Ignacio "Nacho" Roizman's thoughts on digital marketing, particularly on the US Hispanic and Latin American markets. From the personal perspective of a passionate technology evangelist and marketing addict.

Friday, August 11, 2006

Email disaster recovery or a better planning process?

I periodically read MediaPost’s columns as they are one of the most reliable sources of information on trends in interactive marketing, particularly those dedicated to email and online advertisement. Last Thursday an article on email titled When a good e-mail goes bad, by Jeanniey Mullen from Ogilvy World Wide in New York, caught my attention. Can really a good email go bad?
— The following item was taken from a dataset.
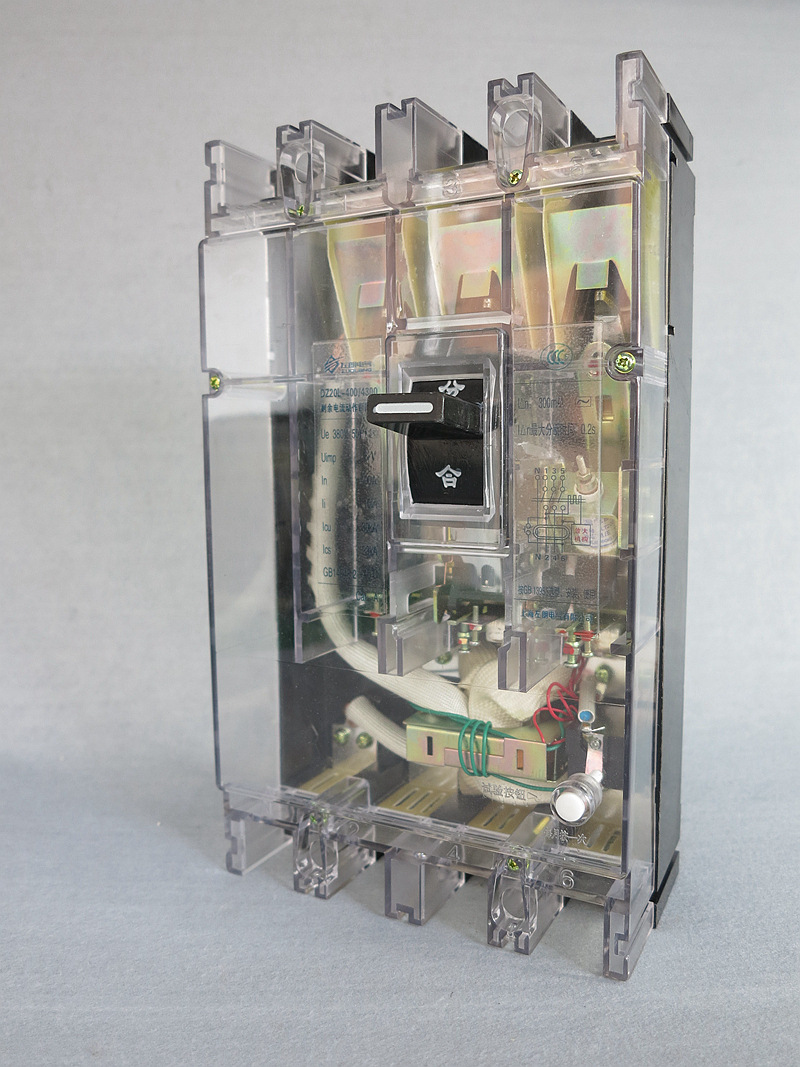 厂家直供三相四线漏电保护器dz20le6304300漏电断路器透明盖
Or is it that it was good only to the eyes of those involved in the creation process?

At any given time, advertising agency as well as advertisers might make decisions based on personal perceptions or myths. Customer insight is frequently scarce and as humans we tend to create our own personal “personas” that might not necessarily fit the profile of those who will be actually receiving our message or eventually that “persona” might not react as we expected during the creative process. Therefore the need to balance the creative process with methodological procedures that provide the means to test, measure and adjust the final message that is going to be delivered.

As I discussed in my last post on the article published on The Economist, The Ultimate Marketing Machine, the most significant advantage of the digital media is the ability of marketers to track and act upon numbers, not words. This has been said over and over again since the inception of digital marketing practices on the mid 90s. However, few are the companies that have undergone the cultural change that requires the adoption of the digital media. Sending emails to a database religiously on time and without any spelling of grammar mistake, is not enough. Consumers change, they sometimes outgrow the brand promise, they get married, divorced, die or just change tastes. What worked before does not necessarily will work now.

Establishing a role inside the marketing team focused on deploying an effective testing, not for only email pieces, but also for all forms of digital and even offline communications, including Call to Actions, layouts, design, would help avoid thinking on how to fix that good email that unexpectedly went wrong.